Thursday 21 Sep 2017

Professional Development Programme in Public Relations Practice: Practice Makes Perfect

Medupi LamolaMedupi Lamola, Communication Specialist and PR Practice student at Provox

The general image of the Public Relations profession is not a good one and serious intervention is needed to change that. Given the negative nature that surrounds this profession, the truth is that every organisation needs Public Relations to build and maintain its relationship with its stakeholders. So credibility is key to the success of this profession.

 

Many professional bodies such as the Financial Planning Institute (FPI), the Health Professions Council of South Africa (HPCSA) and the South African Institute of Chartered Accountants (SAICA) have strict measures such as board examinations, to assess and accredit practitioners who would like to enter their fields of practise.

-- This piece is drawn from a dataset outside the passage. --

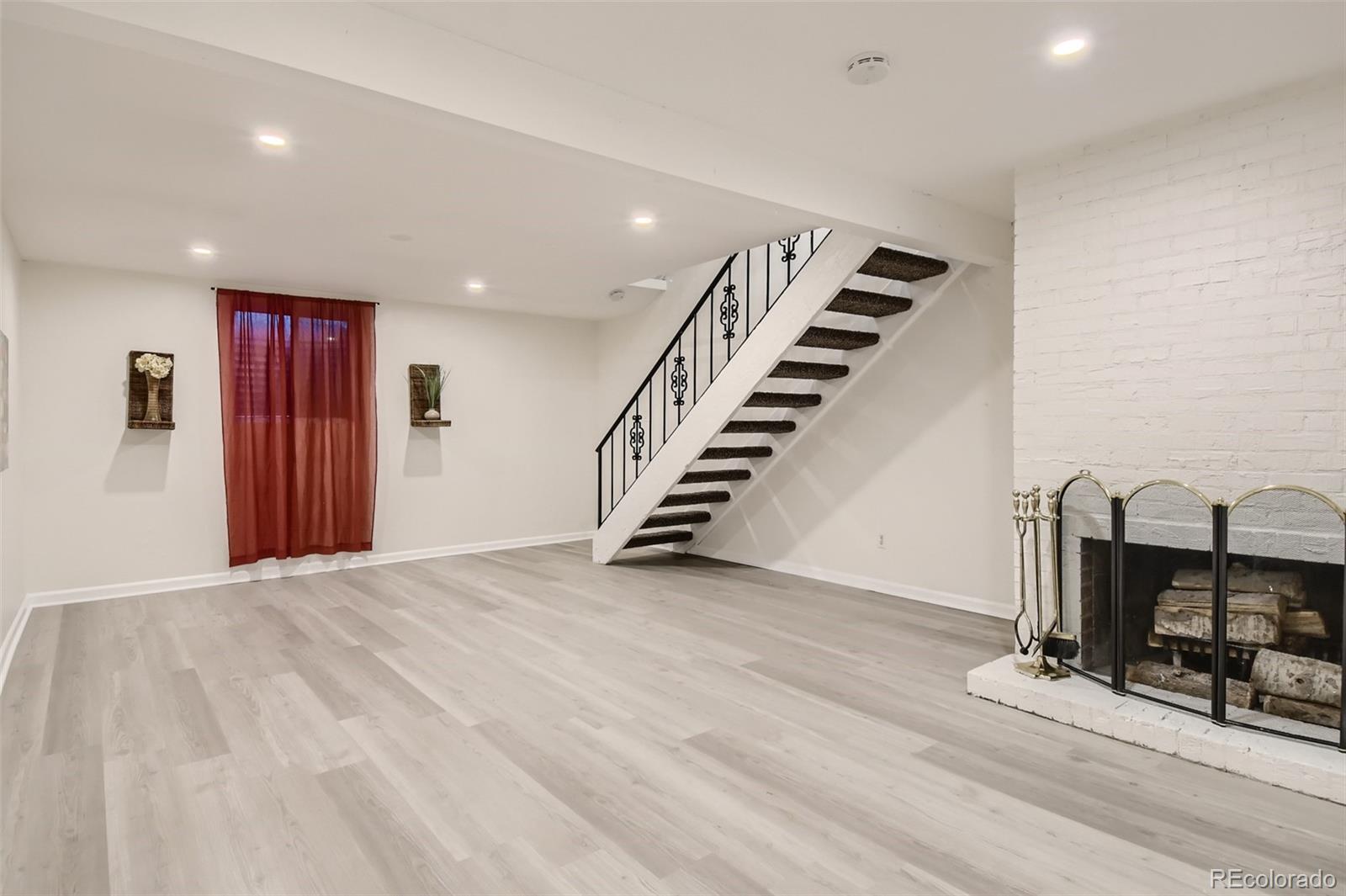 MLS Image #20 for 1255 s monaco parkway,denver, Colorado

Although regulation of entry in to the Public Relations field cannot be standardised soon, it is up to the individual practitioner and industry organisations such as the Public Relations Institute of Southern Africa (PRISA) to make sure that 'that which they hold so dear' does not become extinct. Learning plays an important part in alerting practitioners on how the standard and image of the Public Relations profession can be changed.

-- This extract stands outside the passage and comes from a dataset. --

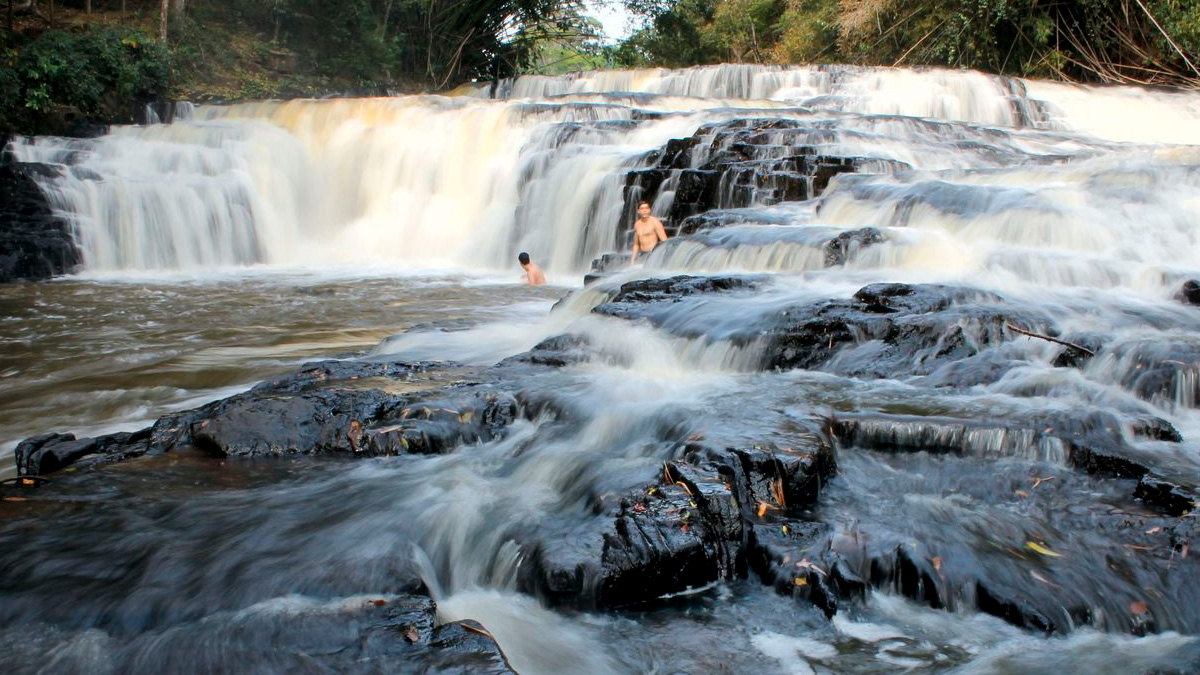 Divulgação/Prefeitura Brotas - Aqui você encontra trilhas, cachoeiras, rios e atividades como rafting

The May 2011 intake of the Public Relations Practice course at the Provox Centre for Public Relations and Communication share this view. Baitse Mokiti, one of the Public Relations Practice course students at Provox, reckons the course is an eye opener. "I knew that there are many elements to Public Relations but never discussed them in much detail. "It makes it easier to identity which areas of specialisation one can focus on".

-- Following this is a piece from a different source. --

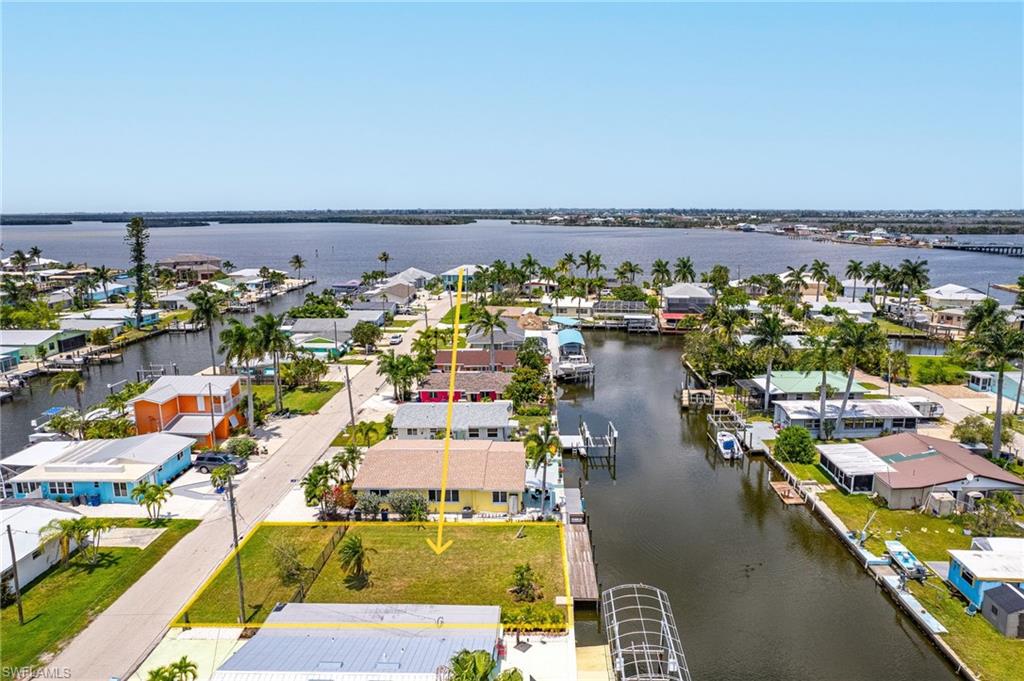 2609 Bayshore DR Property Photo 1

It is increasingly becoming important that as a professional, you keep up-skilling yourself in your field of expertise. In this day and age, change happens fast and one needs to be able to adapt quickly in order to survive. "…It's also interesting how Public Relations is changing and the extent to which it is influenced by the various publics such as social media", adds Mokiti.

There are many studies and information channels that suggest ways of improving Public Relations. Another best way to learn is from your peers how they apply Public Relations in their organisations. "I enjoyed the group interaction with other students and I have learnt a lot from what their organisations are doing in terms of Public Relations. "It also a great help for students to have facilitators with such great expertise, to offer us first-hand account of their experiences in the Public Relations field", she concludes.

Public Relations practitioners in general, and industry organisations such as PRISA, are facing a mammoth task of protecting the image of this profession. As a practitioner or student, it is imperative that you consciously remain ethical in your practice and keep on enhancing the value and image of Public Relations.